Me (singing): We only got four minutes to save the world!
Zoe: Four minutes? That isn’t very much time. You should have at least four decades to save the world!
—————
Eva: I’m going to brush my hair for 25 minutes.
(She didn’t brush her hair at all. Never does).
—————
Zoe: The purpose of dance is to twerk in front of boys you love.
—————
Me: Cell phones used to only be for emergencies, and they couldn’t take pictures.

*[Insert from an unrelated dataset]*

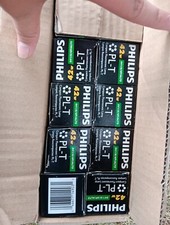 phillips light bulbs 10 Pc 42 Watt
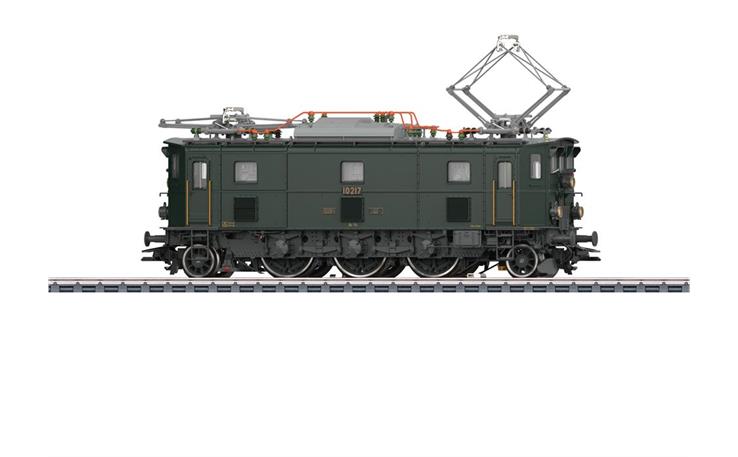 Märklin 038350 E-Lok Ae 3/5 SBB, H0 AC mfx Digital Sound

Eva: That’s dumb. Whoever made those phones made really bad choices.
—————
Zoe (in the van): It smells like an old woman in here.
—————
Zoe: I only kiss things that don’t have bark on them.
—————
Zoe (to her primary teacher who gave her a magazine at church): Magazines are really good for when I’m constipated and I have to wait a while for my poop to come out.
—————
Nicky: I didn’t get a single wiener drawn in my yearbook this year.
—————
Me (singing Bohemian Rhapsody): Mama! Ooo-ooo-ooo!
Eva: Why are you singing a song about Grandma?
—————
Me: You should go for a bike ride.
Daisy: I’d rather eat carrots.
—————
Eva (to me while I watch a period drama): Why do you watch so many shows with boring colors?